Crowe is more a writer than a director, but this by far his most nimble film visually (Singles having been a surprisingly clumsy, scrappy effort as studio pictures go). His and John Toll’s camera is admirably invisible, influenced apparently by Francois Truffaut’s work in the ’70s. Crowe’s most impressive feat is in part as much the work of production designer Clay Griffith as of himself, but having been on the sidelines for so many big rock shows in the early ’70s he plainly injects every bit of his heart into reviving that intoxicating environment.
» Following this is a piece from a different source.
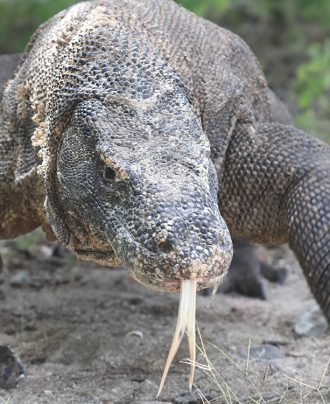 Wildlife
Next to the transcendent “Tiny Dancer” moment, the electricity and depth of the crowds of fans awaiting their heroes within and outside of shows and hotels and the oddly stirring sequence of Kate Hudson dancing in an emptied-out ballroom to Cat Stevens’ “The Wind” go a long way toward making this world seem palpable anew, and full of breath, affection, beating hearts. He shows a sense of profound loss when he rhymes Billy Crudup’s exit from a private exchange to a mobbing, furiously buzzed audience with Fairuza Balk’s similar entrance to the room of a lonely, sparsely occupied cafe after the foggy bliss has lifted.

It’s hard to suss out in all this, but Almost Famous is in fact a comedy; Crudup’s sojourn to a gathering of “real Topeka people” at which he has an acid freakout high on kitchens and mouse-eating snakes, Fugit’s unjustified explosion over being asked to take out laundry by the woman (Balk) who’s just helped deflower him, and Stone editor Ben Fong-Torres’ phone conversation with the same sleepy young maiden would each be the highlight of a less densely packed film. But in a movie full of telling, affecting moments, the standout is Hudson’s: told she was sold to Humble Pie’s crew for a pittance and a case of beer, she looks distraught and hurt and gives a long pause before, in Leonard Cohen’s phrase from “Chelsea Hotel,” fixing herself: “What… kind of beer?” This was the line that made Billy Wilder chuckle at a private screening. It is everything about pluck and the human resistance to being destroyed. It serves as a microcosm of the entirety of this film: it carries the wit and sparkle of a refined, expert pen — but more importantly, it has the ring of a heartfelt truth that no amount of abstraction can dissipate. As Russell would put it, it’s real.